Western political correctness carries too much weight. After Meng was arrested, US scholar Jeffrey David Sachs published an article criticizing US suppression of Huawei, and he was severely attacked by US academics and opinion makers. He was forced to delete his Twitter account, and some Western elite applauded it.

We hope Meng's case is a purely legal one as the US claims. It is hoped that its pronouncement can have some restraint on the trial. However, the backlash McCallum encountered made us see the opposite. We hope the Canadian court could stick to the rule of law and be immune from politicians and media who attacked McCallum.

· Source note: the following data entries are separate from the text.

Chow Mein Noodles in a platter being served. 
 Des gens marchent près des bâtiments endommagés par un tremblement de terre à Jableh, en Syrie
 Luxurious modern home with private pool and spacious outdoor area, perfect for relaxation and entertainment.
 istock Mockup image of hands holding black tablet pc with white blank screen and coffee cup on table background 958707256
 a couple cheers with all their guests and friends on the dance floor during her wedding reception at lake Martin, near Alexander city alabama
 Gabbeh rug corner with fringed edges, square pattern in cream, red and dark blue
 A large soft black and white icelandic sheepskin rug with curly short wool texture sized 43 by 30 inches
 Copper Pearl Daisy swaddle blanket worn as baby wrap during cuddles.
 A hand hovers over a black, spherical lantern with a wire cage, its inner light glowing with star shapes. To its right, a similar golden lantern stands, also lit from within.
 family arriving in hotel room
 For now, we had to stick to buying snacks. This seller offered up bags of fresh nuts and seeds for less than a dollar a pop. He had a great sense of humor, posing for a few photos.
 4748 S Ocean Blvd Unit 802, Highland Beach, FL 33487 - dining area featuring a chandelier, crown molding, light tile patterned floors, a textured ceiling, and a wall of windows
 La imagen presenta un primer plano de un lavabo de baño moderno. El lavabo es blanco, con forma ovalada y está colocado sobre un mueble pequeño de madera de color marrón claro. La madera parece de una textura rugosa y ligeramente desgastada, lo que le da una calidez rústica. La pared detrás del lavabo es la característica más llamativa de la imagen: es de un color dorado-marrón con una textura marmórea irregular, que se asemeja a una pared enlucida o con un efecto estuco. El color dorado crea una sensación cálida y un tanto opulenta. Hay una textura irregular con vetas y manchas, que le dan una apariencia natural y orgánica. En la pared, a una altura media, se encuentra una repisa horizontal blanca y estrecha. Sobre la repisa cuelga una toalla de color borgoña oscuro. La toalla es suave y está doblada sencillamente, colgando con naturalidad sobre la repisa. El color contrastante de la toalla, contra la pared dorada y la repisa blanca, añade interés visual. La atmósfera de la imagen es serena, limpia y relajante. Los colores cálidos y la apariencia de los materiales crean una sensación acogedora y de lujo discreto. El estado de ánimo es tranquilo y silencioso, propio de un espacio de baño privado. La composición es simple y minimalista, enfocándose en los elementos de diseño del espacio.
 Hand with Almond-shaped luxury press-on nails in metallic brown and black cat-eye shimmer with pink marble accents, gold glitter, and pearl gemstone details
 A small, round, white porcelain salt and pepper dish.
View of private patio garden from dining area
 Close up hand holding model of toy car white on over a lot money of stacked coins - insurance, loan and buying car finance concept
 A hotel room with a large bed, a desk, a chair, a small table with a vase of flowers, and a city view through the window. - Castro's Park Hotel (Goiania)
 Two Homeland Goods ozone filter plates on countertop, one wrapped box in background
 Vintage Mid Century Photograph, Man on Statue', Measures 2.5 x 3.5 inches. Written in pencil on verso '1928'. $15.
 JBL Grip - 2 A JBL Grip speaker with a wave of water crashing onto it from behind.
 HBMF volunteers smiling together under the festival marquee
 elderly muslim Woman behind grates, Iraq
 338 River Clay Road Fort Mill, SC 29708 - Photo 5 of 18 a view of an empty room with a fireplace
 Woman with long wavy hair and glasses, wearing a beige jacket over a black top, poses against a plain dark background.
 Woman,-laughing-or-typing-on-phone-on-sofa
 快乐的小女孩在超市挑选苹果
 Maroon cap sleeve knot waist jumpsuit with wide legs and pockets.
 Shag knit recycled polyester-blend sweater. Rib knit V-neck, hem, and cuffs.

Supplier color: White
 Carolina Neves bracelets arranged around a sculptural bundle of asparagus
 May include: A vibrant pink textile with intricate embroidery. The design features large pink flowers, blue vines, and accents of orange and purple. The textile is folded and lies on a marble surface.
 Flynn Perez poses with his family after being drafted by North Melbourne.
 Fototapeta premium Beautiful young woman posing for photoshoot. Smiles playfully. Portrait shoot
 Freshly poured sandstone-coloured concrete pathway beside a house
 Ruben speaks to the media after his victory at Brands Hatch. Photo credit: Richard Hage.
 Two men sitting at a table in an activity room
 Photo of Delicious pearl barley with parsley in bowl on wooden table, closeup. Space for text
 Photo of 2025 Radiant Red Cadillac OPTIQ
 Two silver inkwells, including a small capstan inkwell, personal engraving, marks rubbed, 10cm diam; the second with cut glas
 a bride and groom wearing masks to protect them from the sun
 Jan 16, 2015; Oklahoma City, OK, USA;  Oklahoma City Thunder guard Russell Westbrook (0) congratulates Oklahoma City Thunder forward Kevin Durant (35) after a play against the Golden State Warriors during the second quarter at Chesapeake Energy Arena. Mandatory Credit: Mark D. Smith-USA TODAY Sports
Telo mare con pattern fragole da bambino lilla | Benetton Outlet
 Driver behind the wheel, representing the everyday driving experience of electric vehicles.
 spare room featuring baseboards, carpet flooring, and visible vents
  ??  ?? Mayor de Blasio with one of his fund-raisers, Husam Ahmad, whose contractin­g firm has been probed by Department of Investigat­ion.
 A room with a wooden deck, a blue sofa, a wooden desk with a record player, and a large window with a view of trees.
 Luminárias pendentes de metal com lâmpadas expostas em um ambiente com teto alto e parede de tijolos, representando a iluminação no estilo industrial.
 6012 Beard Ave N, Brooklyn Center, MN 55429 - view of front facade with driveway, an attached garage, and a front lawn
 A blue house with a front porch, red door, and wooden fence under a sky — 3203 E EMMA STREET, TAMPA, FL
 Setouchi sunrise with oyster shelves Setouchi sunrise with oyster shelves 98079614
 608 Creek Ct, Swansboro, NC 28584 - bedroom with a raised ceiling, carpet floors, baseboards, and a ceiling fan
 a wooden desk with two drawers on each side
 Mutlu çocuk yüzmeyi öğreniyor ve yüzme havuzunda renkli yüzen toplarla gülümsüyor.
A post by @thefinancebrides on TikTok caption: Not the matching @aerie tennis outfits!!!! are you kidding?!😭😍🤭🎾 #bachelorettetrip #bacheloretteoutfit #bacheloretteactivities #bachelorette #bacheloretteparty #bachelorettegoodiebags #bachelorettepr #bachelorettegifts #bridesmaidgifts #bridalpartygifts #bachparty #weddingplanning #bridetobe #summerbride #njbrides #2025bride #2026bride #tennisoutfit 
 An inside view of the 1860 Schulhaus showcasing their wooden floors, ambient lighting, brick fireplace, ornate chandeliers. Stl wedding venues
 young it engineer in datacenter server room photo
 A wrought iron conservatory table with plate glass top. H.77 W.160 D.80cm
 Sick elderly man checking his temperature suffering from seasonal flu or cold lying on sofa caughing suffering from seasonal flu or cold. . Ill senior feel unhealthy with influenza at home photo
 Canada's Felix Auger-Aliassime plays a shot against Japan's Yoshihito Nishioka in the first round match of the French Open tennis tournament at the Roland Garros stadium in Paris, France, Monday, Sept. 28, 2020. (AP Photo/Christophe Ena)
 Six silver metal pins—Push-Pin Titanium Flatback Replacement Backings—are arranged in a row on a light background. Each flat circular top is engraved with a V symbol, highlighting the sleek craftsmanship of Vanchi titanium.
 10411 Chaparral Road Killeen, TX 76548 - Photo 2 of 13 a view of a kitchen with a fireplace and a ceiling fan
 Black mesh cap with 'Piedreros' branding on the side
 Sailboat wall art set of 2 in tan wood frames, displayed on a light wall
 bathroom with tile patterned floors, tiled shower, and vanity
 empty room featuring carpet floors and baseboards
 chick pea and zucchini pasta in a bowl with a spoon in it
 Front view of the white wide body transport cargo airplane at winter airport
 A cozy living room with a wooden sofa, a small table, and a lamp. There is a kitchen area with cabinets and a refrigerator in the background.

In North America, extremism was once associated with political correctness. In terms of China's high-tech companies, such an association has disconcertingly reappeared. China's high-tech industry, which has been flourishing in the past few decades and the country which has not been involved in a war for a long time, are absurdly said to be a threat to the world. We don't know when North America would wake up. It is hoped that the Canadian elite can have the moral and rational ability to reflect on the abovementioned association between extremism and political correctness.